Totoki foi direto ao explicar o motivo da mudança: o mercado de eletrônicos tornou-se uma guerra de preços e volume.
Segundo ele, com a entrada de fortíssimos concorrentes da Coreia do Sul e, posteriormente, da China, que possui um mercado interno gigantesco e capacidade de exportação em massa, ficou muito difícil para a Sony manter a diferenciação de seus produtos e competir em volume. A solução foi mudar o campo de batalha.
PlayStation como o coração da empresa

Hoje, os números provam que a estratégia funcionou. O CEO revelou que impressionantes 60% da receita da Sony vêm do setor de entretenimento, sendo a divisão de videogames a maior fatia desse bolo.
Com a PlayStation como carro-chefe, Totoki traçou dois objetivos principais e inegociáveis para a marca:
- Ser “o melhor lugar para jogar” na visão dos usuários.

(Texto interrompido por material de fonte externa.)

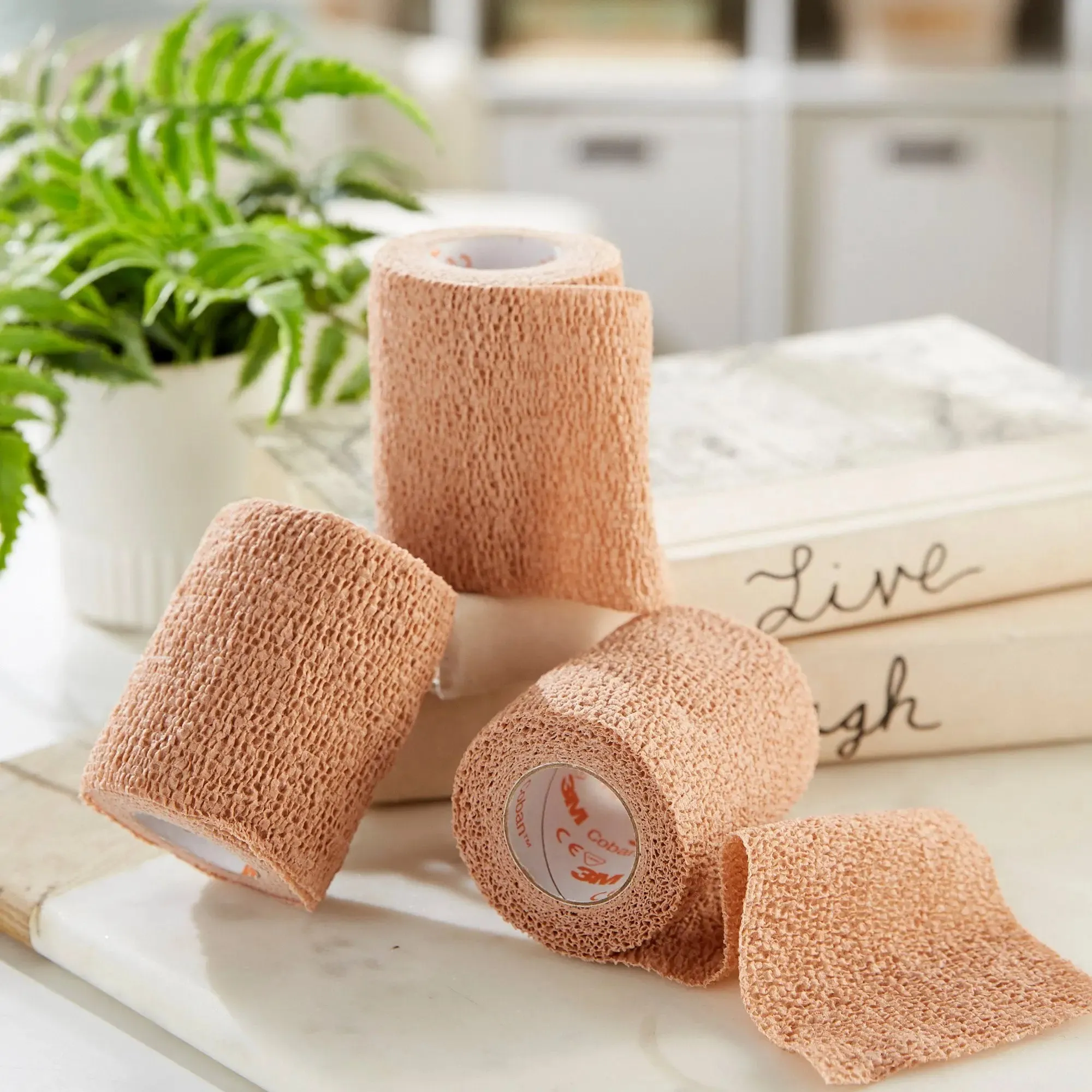 3M™ Coban™ Self-adherent Closure Cohesive Bandage, 3 Inch x 5 Yard, Tan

- Ser “o melhor espaço para publicar” na visão dos desenvolvedores e editores de terceiros, apoiando-se também nos fantásticos estúdios internos da companhia (a PlayStation Studios).
O império dos Animes e o gosto musical do chefe

Além dos jogos, a Sony está investindo pesado em animação. Totoki destacou que o crescimento de plataformas como a Netflix e a Crunchyroll (que pertence à Sony) transformou os animes em um produto mainstream global. A recente aquisição da Cinemersive Labs também reforça a busca da empresa por novas tecnologias de imersão.
Como curiosidade de bastidores, o executivo confessou que não é um grande consumidor de videogames no seu tempo livre. Suas verdadeiras paixões são séries de TV dramáticas, música e, curiosamente, a banda britânica Oasis.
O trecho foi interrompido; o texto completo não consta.